One Famitsu reviewer awards Capcom’s Monster Hunter Stories 2 an impressive 10/10

The latest edition of the popular Weekly Famitsu magazine is out now in Japan and this week’s edition only contains two reviews. Don’t be fooled though, as Issue 1701 contains a review for Capcom’s intriguing Monster Hunter Stories 2: Wings of Ruin which is a timed-exclusive for the Nintendo Switch system. The four reviewers were won over by the Monster Hunter spin-off adventure with one reviewer even going as far as to give the game a perfect 10/10. Here’s the final score for Monster Hunter Stories 2: Wings of Ruin 9/9/10/8 which equals 36/40.

  • Monster Hunter Stories 2: Wings of Ruin (Switch) – 9/9/10/8 [36/40]
  • Monster wo Taoshite Tsuyoi Ken ya Yoroi wo Te ni Shinasai. Shindemo Akiramezu ni Tsuyoku Narinasai. Yuusha Tai ga Maou wo Taosu Sono Hi wo Shinjiteimasu. (Switch) – 7/9/8/7 [31/40]

Source / Via

4 thoughts on “One Famitsu reviewer awards Capcom’s Monster Hunter Stories 2 an impressive 10/10”

    1. “Defeat Monsters to Get Strong Swords and Armor. We Believe in the Day the Heroes will Defeat the Demon Lord.”

  1. I played the demo and it did impress me in a lot of ways. The visuals are beautiful, especially these character animations. All of the attacks in battle look quite exciting, which for me is very important in a turn-based battle system. Cutscene are also pretty amazingly done, IMO.
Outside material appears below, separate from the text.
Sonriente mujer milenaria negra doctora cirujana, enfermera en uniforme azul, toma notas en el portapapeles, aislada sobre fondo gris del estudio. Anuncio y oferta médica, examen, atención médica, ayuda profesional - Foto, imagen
    However, I’m not quite if I’m getting the game yet. The game’s presentation feels amazing, but the gameplay, at least in the demo, felt like quite a lot of busywork and side content. If this is in any way indicative of the full game, then it’s going to have quite the slow pacing, and that’s something I’m really not a fan of in RPGs. In this game, it looks like you’re wasting lots and lots of time with just exploring randomly spawned dungeons and collecting monsters before any significant story progression happens. The game isn’t really like Pokemon, either, where catching new monsters is quick. No, every monster in this games requires runing through an entire mini dungeon, and you’ll never even know what you’ll get.

    So yeah, I’m quite on the fence so far. I think I’ll wait a bit and maybe check out a few reviews to see how the game develops deeper into the story.

    I’d definitely love to own that Ena amiibo, though. To bad it’s a Nintendo Store exclusive. No idea what they were thinking there.